Earlier this month, as the Houston Astros faced the Philadelphia Phillies in the World Series, the home plate umpire presided over the game with the FTX logo emblazoned across his chest.
Rule No. 2: don't take "investment" advice from people who are extremely wealthy and won't suffer much from losing a few million. When Steph Curry and Matt Damon started shilling for crypto, I lost all respect for them. Really, you don't already have enough money, you have to shill for Ponzi schemes?
The last part of this points to why Trump was so successful in 2016. Too many Democrats, while not beholden to right wing billionaires like Koch and Murdock, are still part of the “money&fame=access” culture that has corrupted all of our political institutions. Citizens United is part of the problem, but failure to ban members of Congress from trading individual stocks is similarly bad for faith in government.
The mere existence of a cryptocurrency bubble suggests we learned the wrong lesson from the financial crisis of the 2000s, i.e. that what we need to fix the economy is new markets that are even less closely regulated.
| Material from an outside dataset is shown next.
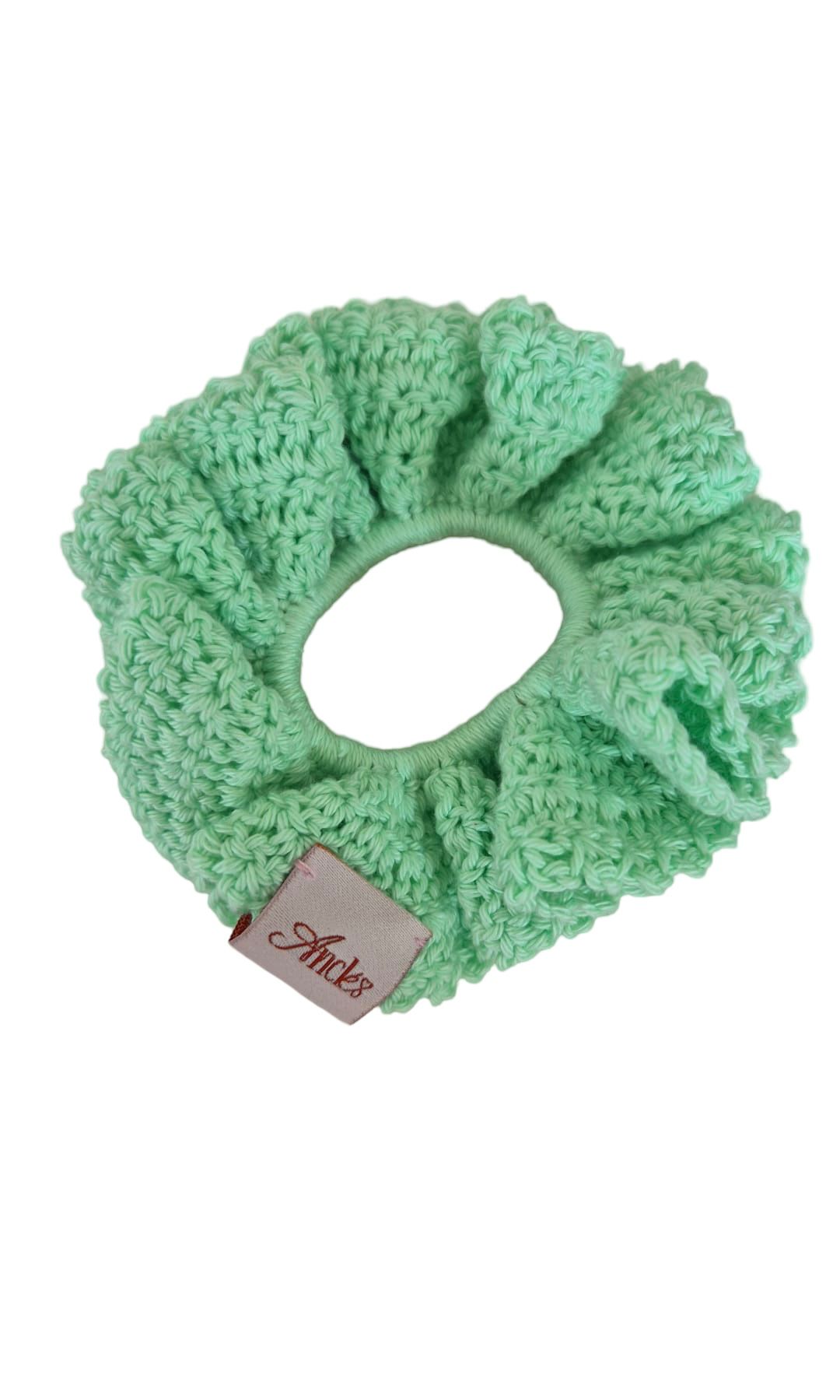 Scrunchie ad uncinetto Verde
As with the last bubble burst, what will remain the same is who gets victimized by this failure, namely the end users who can't afford to eat their losses.
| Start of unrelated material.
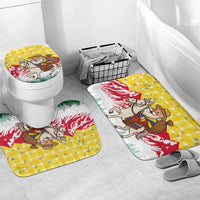 Venezuela Christmas Bathroom Set with Santa on Horse Traditional Outfit Snowflakes and Yellow Plaid - Wonder Print Shop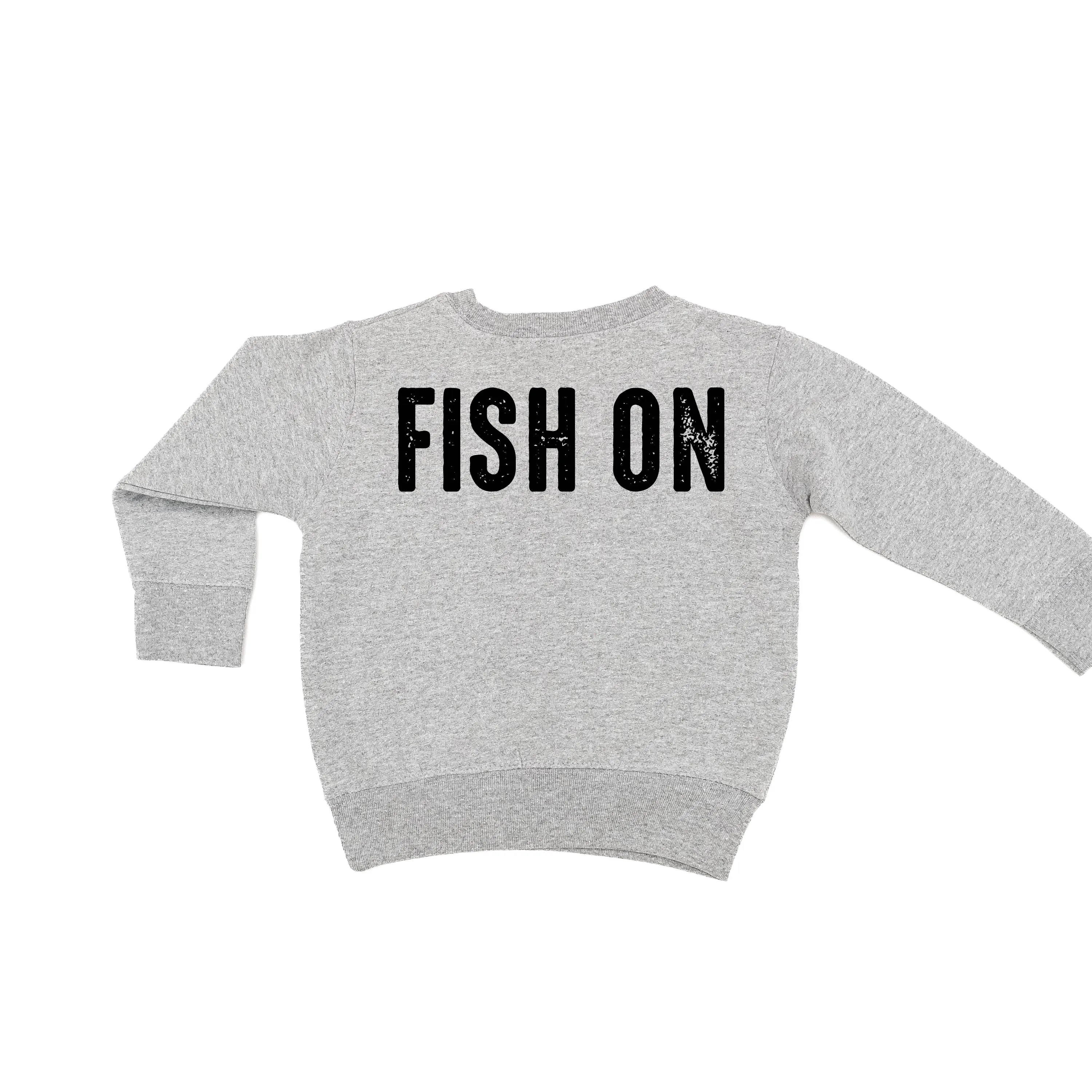 Mountain Fish & Pole Pocket Design on Front w/ FISH ON on Back - Child Sweater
We've known for a long time the whole crypto 'industry' was a sham, populated by thieves and charlatans. It's good to keep talking about it, as I still think there's too many people who believe otherwise.
You’re so right. I work w many 30-40yo’s, and they couldn’t talk about it enough. The buzz had them all jumping in. And NFT’s May as we’ll be Pokémon cards.
I have a friend, who was hot on crypto at the time, call me a stark pessimist for my negative opinion of the entire concept. "This is the future of finance, one day every transaction, bla bla bla..." Some few months, ago when crypto showed signed of cracking, I sent him a few (2-3) very good articles detailing what had happened. He very graciously thanked me, while I avoided any hint of "I-told-you-so-itis." That's what friends are for.
Cryptocurrency is speculative in an epic sense: it’s intangible, unregulated, unproven, decentralized, reliant on modern technology and wholly unclear. For some, that’s what makes crypto the exciting investment frontier. Others run as fast as possible in the opposite direction or dig their heels into an allegedly firm but different hill. Me … By nature I stay away from high risk investments and unproven investors. Cliches sometimes are right. When something seems too good to be true, it probably is. When someone starts brandishing money, they probably don’t have as much as they claim or they have no way to sustain it. If you can’t take the heat, get out of the kitchen or don’t go there in the first place.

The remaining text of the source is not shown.